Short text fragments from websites
********

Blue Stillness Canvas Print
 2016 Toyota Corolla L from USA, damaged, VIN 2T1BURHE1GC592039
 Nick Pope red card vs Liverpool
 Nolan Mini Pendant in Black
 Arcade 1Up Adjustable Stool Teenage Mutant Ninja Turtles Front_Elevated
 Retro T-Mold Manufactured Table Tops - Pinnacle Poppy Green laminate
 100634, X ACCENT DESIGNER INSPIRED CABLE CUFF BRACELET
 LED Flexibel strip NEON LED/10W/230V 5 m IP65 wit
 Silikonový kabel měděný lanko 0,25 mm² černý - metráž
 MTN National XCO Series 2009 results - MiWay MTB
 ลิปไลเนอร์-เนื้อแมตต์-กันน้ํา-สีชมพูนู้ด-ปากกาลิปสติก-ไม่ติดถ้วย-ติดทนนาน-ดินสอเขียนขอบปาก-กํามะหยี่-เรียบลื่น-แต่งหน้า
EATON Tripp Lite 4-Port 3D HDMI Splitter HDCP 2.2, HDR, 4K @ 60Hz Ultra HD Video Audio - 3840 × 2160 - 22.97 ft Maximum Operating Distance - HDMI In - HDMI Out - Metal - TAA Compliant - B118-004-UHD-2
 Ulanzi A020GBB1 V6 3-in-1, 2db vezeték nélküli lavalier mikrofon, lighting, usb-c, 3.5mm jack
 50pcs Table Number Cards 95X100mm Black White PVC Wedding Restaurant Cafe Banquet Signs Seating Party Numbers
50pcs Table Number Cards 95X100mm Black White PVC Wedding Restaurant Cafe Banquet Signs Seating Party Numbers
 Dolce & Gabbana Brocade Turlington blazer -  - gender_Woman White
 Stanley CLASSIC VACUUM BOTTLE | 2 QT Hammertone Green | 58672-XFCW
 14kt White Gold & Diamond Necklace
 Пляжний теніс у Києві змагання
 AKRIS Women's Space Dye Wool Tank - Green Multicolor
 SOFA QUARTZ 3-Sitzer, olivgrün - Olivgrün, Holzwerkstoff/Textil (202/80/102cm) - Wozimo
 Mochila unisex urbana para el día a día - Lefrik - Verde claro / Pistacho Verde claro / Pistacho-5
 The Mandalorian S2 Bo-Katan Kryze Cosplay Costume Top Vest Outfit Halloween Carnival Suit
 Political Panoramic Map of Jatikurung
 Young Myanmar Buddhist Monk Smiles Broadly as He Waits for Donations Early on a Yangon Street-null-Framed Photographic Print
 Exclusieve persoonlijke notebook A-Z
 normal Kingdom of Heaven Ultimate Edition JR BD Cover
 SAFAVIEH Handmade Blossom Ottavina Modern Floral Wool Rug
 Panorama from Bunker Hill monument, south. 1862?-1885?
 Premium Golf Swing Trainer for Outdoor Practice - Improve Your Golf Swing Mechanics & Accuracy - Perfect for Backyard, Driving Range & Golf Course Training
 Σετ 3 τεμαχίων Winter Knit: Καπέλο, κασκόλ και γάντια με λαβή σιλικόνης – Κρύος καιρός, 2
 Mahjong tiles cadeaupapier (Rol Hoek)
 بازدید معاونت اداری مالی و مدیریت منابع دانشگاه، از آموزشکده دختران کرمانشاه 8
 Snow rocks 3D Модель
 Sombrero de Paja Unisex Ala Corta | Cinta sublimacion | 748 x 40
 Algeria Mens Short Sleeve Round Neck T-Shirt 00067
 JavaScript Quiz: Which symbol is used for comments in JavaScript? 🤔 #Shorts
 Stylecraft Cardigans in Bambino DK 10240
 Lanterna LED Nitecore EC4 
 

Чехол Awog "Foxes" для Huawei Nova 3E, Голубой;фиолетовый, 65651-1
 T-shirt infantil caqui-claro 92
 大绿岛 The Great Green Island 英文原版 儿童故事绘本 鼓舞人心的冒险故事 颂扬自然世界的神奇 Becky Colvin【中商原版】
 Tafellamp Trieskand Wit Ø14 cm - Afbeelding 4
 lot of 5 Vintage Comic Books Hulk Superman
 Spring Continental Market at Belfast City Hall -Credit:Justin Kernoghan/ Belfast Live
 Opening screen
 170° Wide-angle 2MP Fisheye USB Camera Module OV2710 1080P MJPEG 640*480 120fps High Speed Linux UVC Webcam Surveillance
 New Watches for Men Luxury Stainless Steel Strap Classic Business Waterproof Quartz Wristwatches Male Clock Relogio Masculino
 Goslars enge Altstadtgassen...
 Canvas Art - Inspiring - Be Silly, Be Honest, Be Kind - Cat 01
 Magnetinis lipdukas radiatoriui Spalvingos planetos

********

Wherever the word "Seating" turns up in the records above, copy the line that holds it.

> Reply to the exercise:
 50pcs Table Number Cards 95X100mm Black White PVC Wedding Restaurant Cafe Banquet Signs Seating Party Numbers
50pcs Table Number Cards 95X100mm Black White PVC Wedding Restaurant Cafe Banquet Signs Seating Party Numbers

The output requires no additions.